Back in the 16th Century, allegedly in a prison cell in Toledo, Spain, the Christian mystic Saint John of the Cross penned these words (translated from the original Spanish):
In an obscure night
Fevered with love’s anxiety
(O hapless, happy plight!)
I went, none seeing me
Forth from my house, where all things quiet be …
Thus the mystic begins his Dark Night, what later would be named “the dark night of the soul.” The term has taken on a negative sense over time, though it has retained a mystical meaning. Saint John of the Cross also expressed that same mystical journey in his treatise Ascent of Mount Carmel. Robinson Jeffers revived the ecstatic spirit of that dark night in his poem Night.
The middle-length lyric Night is perhaps Jeffers’ most compelling expression of the sublime beauty and power of darkness and death. It is one of Jeffers’ masterpieces. A mystical “singing prayer” to the night, it is a little didactic, but it does not lecture. It does have all the religious zeal of the most impassioned prayer, yet it is not preachy. Like Boats in a Fog (written at about the same time), Night is contrarian and passionate, and also like Boats in a Fog, it exhibits the verse form introduced by Tamar. Perhaps Jeffers found that lightly chaotic, fluctuating flow more apropos to the content of these two lyrics than to some of his less impassioned thought-poems.
The poem begins with an ebb, a slipping back of the sea that happens to coincide with the setting of the sun. It is not an entirely inhuman view, with a ship’s light showing faintly. The light is faint, but the poem will demonstrate that in the face of the night, all lights are faint.

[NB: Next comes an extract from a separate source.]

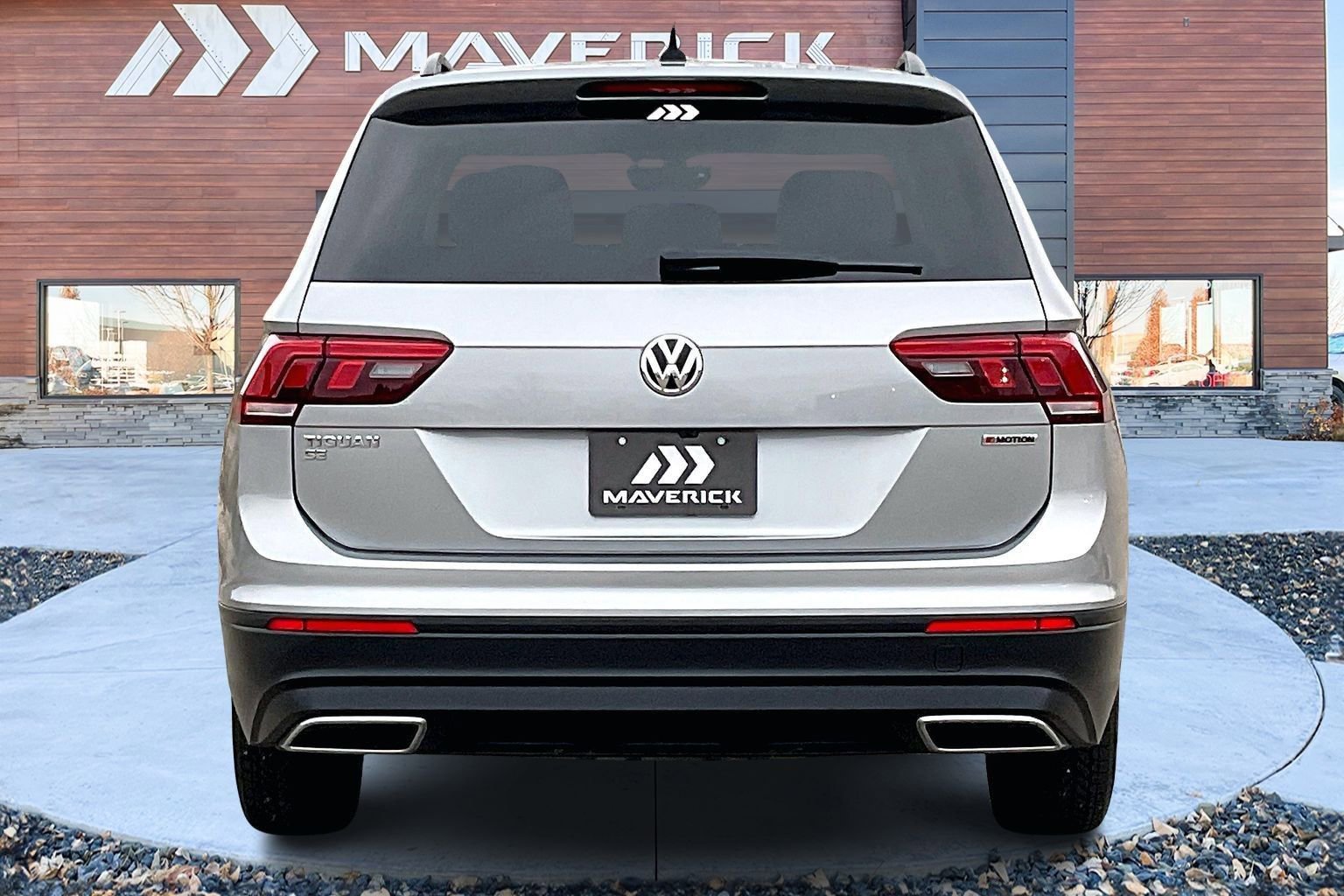 Used 2019 Volkswagen Tiguan SE image 6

Just as the sun and the sea retreat, on comes “the splendor without rays,” the powerful and peaceful presence of darkness inevitably filling the world. The poem recognizes that the darkness fills the depths of the sea, but it also finds that the night touches even the surface of the ocean “with more love” than the rough touch of the sun.
The image that Jeffers presents is not merely a grand, cosmic vision. He also touches upon the more delicate touch of the night in his coverage of deer, “the slender flocks of the mountain forest” drinking from a stream among the redwoods at night.
The poet is not ashamed of the unnatural lamp in his tower, for he recognizes that it does not threaten the vast night. Nothing does. Not even the greatest stars in the universe are even a spark against the vastness of the night. As for life, it strives incessantly against the peace of death, but Jeffers recognizes that even life, for all its strivings and insatiability, feels the deep peace of the darkness and death deep within it.
The word night is capitalized thrice in this poem, perhaps to impart a sense of the night’s omnipotence and ubiquity. As the poem sees itself as a “signing prayer,” we can see a correspondence between “O Night” and “O God.”